===== Excerpted records
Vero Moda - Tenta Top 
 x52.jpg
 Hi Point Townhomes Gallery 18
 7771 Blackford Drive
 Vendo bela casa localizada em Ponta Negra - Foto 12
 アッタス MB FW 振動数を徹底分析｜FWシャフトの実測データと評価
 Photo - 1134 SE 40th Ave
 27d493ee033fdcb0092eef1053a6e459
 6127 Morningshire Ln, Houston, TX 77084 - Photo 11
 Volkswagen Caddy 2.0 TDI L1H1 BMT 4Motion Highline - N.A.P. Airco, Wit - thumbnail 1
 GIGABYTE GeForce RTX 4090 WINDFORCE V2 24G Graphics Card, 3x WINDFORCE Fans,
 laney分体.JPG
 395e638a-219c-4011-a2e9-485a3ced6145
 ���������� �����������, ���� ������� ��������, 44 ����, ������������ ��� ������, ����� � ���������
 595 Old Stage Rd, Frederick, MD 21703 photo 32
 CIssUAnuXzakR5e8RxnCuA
==========
### Assignment
Give back, unchanged, every line from the one with "Volkswagen Caddy 2.0" to the end of the entries above.

### Output for this exercise
 Volkswagen Caddy 2.0 TDI L1H1 BMT 4Motion Highline - N.A.P. Airco, Wit - thumbnail 1
 GIGABYTE GeForce RTX 4090 WINDFORCE V2 24G Graphics Card, 3x WINDFORCE Fans,
 laney分体.JPG
 395e638a-219c-4011-a2e9-485a3ced6145
 ���������� �����������, ���� ������� ��������, 44 ����, ������������ ��� ������, ����� � ���������
 595 Old Stage Rd, Frederick, MD 21703 photo 32
 CIssUAnuXzakR5e8RxnCuA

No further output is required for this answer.